Do you believe that politics and in particular social justice (i.e., anti-racism and feminism) are becoming cults or pseudo-religions? Is politics filling the void left by the receding influence of organized religion?

Paglia: This has certainly been my view for many years now. I said in the introduction to my art book, Glittering Images (2012), that secular humanism has failed. As an atheist, I have argued that if religion is erased, something must be put in its place. Belief systems are intrinsic to human intelligence and survival. They “frame” the flux of primary experience, which would otherwise flood the mind.

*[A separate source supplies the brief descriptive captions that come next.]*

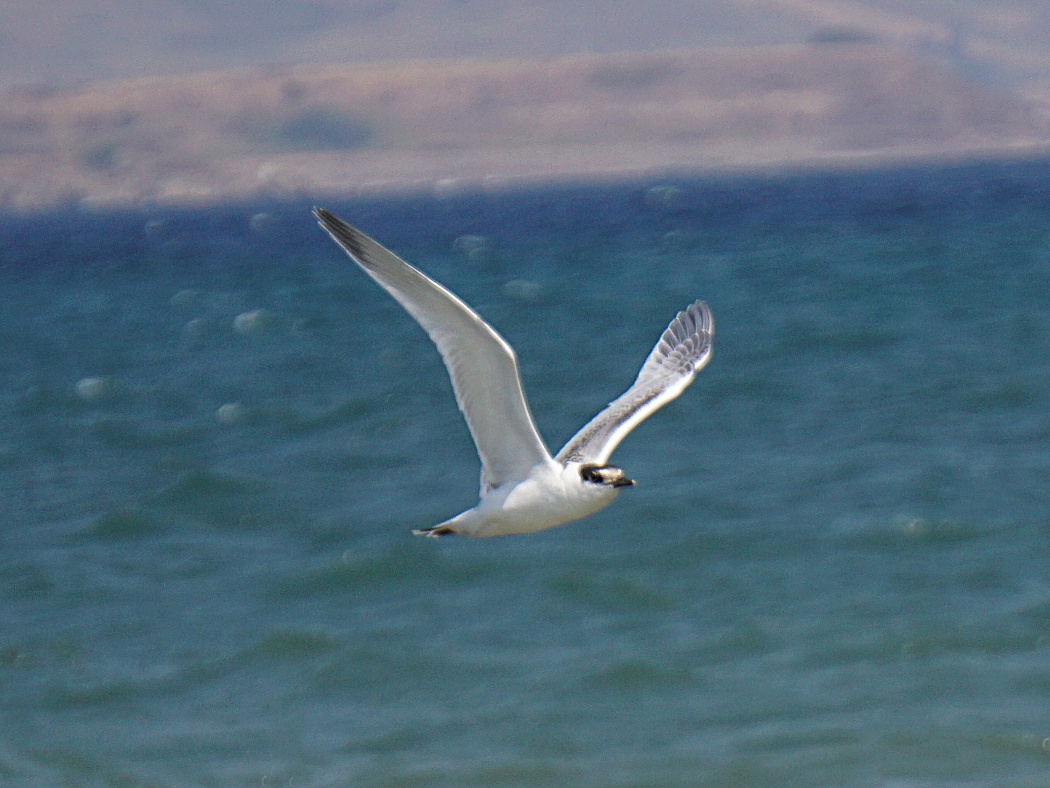 Sandwich Tern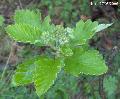 Xper_Sorbus_intermedia_br.c.JPG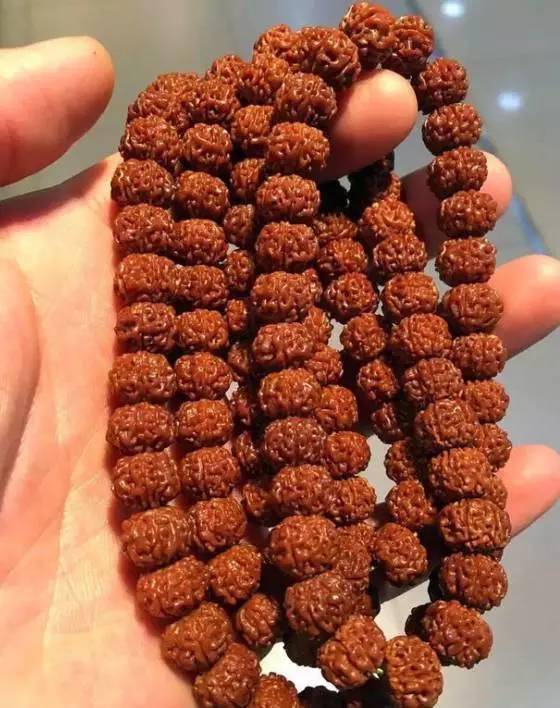 怎么不盘废一条好的金刚菩提 ？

But politics cannot fill the gap. Society, with which Marxism is obsessed, is only a fragment of the totality of life. As I have written, Marxism has no metaphysics: it cannot even detect, much less comprehend, the enormity of the universe and the operations of nature. Those who invest all of their spiritual energies in politics will reap the whirlwind. The evidence is all around us—the paroxysms of inchoate, infantile rage suffered by those who have turned fallible politicians into saviors and devils, godlike avatars of Good versus Evil.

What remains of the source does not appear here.